Budget 2026: la surtaxe sur les bénéfices des grandes entreprises rapportera "environ 8 milliards d'euros"

Le gouvernement a annoncé, ce dimanche 18 janvier, renoncer dans ses arbitrages finaux pour le budget à baisser la cotisation sur la valeur ajoutée des entreprises (CVAE), et reconduire finalement comme en 2025 le barème de la surtaxe sur les bénéfices des grandes entreprises, sauf pour les ETI, ce qui devrait rapporter "environ 8 milliards d'euros".

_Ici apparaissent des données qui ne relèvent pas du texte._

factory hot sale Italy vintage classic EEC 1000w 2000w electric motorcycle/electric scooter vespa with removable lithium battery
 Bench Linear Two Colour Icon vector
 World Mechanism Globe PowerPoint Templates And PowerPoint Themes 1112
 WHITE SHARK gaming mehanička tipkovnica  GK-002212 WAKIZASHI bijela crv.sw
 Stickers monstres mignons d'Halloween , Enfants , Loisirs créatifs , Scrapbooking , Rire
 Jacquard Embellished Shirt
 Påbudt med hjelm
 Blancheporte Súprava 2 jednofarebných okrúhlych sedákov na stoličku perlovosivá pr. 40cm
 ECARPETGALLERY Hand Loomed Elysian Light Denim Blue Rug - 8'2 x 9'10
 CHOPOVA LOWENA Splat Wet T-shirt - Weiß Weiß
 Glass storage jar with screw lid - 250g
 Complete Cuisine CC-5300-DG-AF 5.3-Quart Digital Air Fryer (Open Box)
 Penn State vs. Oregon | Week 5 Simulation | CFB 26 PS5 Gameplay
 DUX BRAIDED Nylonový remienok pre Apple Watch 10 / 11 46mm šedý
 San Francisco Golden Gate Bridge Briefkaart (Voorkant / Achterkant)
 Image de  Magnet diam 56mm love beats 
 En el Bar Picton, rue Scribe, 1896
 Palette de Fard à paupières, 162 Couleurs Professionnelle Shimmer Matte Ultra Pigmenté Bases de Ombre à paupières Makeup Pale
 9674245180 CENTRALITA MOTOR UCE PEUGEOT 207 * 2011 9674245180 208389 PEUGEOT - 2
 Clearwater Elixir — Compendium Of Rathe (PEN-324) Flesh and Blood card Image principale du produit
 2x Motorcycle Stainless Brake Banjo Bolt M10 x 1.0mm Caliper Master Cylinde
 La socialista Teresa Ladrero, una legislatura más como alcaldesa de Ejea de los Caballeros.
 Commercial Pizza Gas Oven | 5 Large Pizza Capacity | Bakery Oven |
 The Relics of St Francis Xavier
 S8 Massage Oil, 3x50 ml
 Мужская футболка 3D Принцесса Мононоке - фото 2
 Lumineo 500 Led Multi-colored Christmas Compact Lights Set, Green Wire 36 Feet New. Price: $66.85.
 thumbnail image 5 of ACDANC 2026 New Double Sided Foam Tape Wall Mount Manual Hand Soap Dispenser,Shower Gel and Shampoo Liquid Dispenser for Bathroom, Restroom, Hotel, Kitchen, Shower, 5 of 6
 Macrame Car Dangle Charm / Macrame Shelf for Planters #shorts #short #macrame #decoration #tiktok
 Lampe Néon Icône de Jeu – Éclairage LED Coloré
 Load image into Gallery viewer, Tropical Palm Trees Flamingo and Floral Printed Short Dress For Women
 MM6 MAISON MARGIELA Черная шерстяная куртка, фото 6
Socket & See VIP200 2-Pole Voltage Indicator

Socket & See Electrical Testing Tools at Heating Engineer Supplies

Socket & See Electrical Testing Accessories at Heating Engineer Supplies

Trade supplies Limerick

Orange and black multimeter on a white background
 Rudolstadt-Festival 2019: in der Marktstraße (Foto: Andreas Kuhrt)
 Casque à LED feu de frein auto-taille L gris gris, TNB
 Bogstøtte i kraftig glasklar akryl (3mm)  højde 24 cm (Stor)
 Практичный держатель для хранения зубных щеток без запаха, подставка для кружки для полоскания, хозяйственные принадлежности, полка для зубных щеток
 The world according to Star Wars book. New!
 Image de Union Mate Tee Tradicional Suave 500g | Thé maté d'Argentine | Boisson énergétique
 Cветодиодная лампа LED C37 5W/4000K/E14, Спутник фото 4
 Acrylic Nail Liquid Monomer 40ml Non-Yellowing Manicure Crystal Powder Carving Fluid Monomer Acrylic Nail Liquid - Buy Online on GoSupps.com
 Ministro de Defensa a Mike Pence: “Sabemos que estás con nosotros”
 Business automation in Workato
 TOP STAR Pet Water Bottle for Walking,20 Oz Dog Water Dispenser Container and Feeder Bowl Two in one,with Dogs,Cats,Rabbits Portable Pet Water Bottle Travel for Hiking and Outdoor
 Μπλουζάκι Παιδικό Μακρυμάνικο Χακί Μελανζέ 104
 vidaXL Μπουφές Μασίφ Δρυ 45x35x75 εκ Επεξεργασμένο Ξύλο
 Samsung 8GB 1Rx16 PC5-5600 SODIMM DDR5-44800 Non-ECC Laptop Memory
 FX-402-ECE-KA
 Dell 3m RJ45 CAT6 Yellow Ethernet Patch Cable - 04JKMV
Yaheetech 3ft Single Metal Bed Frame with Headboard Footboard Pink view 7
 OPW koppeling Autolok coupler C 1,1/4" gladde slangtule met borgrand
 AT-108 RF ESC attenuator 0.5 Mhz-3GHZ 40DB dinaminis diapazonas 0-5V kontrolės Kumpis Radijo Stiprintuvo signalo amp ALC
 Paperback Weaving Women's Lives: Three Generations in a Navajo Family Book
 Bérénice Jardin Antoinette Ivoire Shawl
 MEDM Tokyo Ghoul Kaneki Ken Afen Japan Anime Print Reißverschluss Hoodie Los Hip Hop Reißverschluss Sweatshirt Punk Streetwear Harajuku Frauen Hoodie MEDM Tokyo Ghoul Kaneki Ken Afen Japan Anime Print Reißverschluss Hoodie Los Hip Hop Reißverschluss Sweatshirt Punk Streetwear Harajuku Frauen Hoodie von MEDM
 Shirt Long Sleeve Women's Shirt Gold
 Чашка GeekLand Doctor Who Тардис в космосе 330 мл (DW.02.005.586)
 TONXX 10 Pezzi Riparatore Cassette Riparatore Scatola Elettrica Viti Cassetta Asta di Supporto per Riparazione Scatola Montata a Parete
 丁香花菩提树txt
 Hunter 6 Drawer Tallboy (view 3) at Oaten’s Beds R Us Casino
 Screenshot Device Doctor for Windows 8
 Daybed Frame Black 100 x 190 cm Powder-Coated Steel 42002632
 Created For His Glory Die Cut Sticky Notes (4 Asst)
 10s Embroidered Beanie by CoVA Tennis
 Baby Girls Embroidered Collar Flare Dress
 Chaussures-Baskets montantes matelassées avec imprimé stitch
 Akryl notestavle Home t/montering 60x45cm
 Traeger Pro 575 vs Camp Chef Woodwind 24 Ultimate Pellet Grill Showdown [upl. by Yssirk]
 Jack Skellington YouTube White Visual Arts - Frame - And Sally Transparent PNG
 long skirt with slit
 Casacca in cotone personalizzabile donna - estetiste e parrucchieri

"Il a donc été renoncé à toute économie sur les allègements de charges au détriment, malheureusement, de la baisse de la CVAE qui figurait dans le texte initial", annonce le Premier ministre dans une lettre qu'il a adressée aux entrepreneurs, rendue publique dimanche soir, alors que le projet de budget initial combinait les deux.
La surtaxe rapportera "environ 8 milliards d'euros"
Dans sa lettre, Sébastien Lecornu annonce par ailleurs que le gouvernement "reprend" le barème de la surtaxe sur les bénéfices des grandes entreprises, tout en précisant en exclure "explicitement" les entreprises de taille intermédiaire (ETI).
Cette surtaxe rapportera "environ 8 milliards d'euros" dans la version finale du budget 2026, a précisé la porte-parole du gouvernement, Maud Bregeon, dimanche soir. Ce qui correspond peu ou prou à son niveau de rendement pour l'année 2025.
"Cet effort demandé aux très grandes entreprises a un sens très clair et une portée nationale: il contribuera directement au financement de l'accélération de notre trajectoire de défense", plaide le Premier ministre dans sa lettre, assurant que les chefs d'entreprises prennent par là même "toute leur part à l'effort du pays dans un contexte stratégique exigeant" et saluant une "expression concrète de leur patriotisme".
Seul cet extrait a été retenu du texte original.